Pre-Train BERT from scratch

I want to pre-train BERT from scratch on a domain-specific dataset. How should I go with it? I tried some code online but ran into issues. I have never done pytorch or Tensorflow before so I can’t understand most of the code online

You’ll need two things:

  1. How to train such a model. In case you do have theoretical knowledge in the domain of ML and DL, you can read the paper presenting BERT. You can find the information regards the training regime, the masking probability, tokens they trained on, scheduler, and so on.

  2. The second is how to code it. For that end, huggingface deliver a script which can do that for you.
    The script you need is the run_mlm.py from this repo.
    You can see in the repo a simple example of how to run the script, but you can give it many more parameters for your needs, including training from scratch a given model (for example BERT).
    The script calls the Trainer class along with TrainingArguments class.
    I recommend you understand from the paper how you should train your BERT, then apply it with the script. Most if not all of your needs are already included somehow in the optional arguments for the script.
    Good luck!

2 Likes

Thank you for your suggestion. I see this is for pre-training for MLM task. Could you tell me how to work with NSP task. I am having issues dealing with this. This is an error I get:
RuntimeError: The size of tensor a (763) must match the size of tensor b (512) at non-singleton dimension 1

I tried limiting the max len too by passing argument but did not work/

NSP is the task that introduced with the original paper to capture meaning over long text, but later studies especially RoBERTa, showed that it is not only unnecessary step but also hurts quality of model. So, it might not be good idea to start with this.

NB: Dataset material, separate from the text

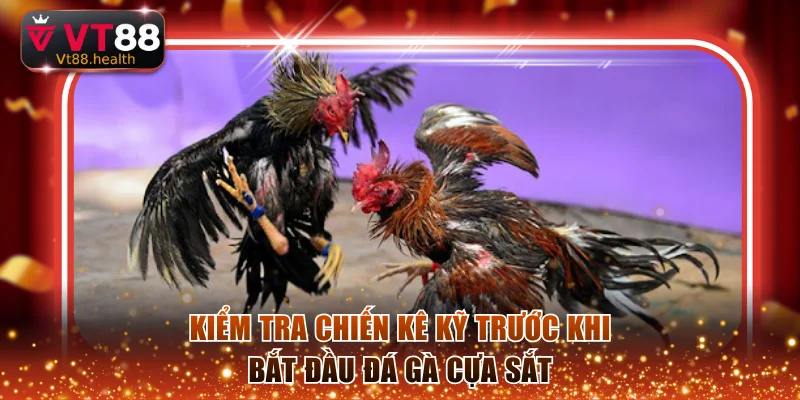 Kiểm tra chiến kê kỹ lưỡng trước khi bắt đầu đá gà cựa sắt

I have been working to pre-train BERT-type model from scratch and I found James Briggs tutorial good starting point. Also, MosaicML’s claim to pre-train BERT model under $50 is something to consider.

2 Likes

Thank you for suggestion and explanation. Could you please inform me how to train a pre-trained BERT model for my dataset which is a combination of DNA sequence and methylation information, Token: [A,T,C,G,M,UM] and using k-mer for creating sequences. Can I use the run _mlm.py?

Thank you for suggestion and explanation. Could you please inform me how to train a pre-trained BERT model for my dataset which is a combination of DNA sequence and methylation information, Token: [A,T,C,G,M,UM] and using k-mer for creating sequences. Can I use the run _mlm.py?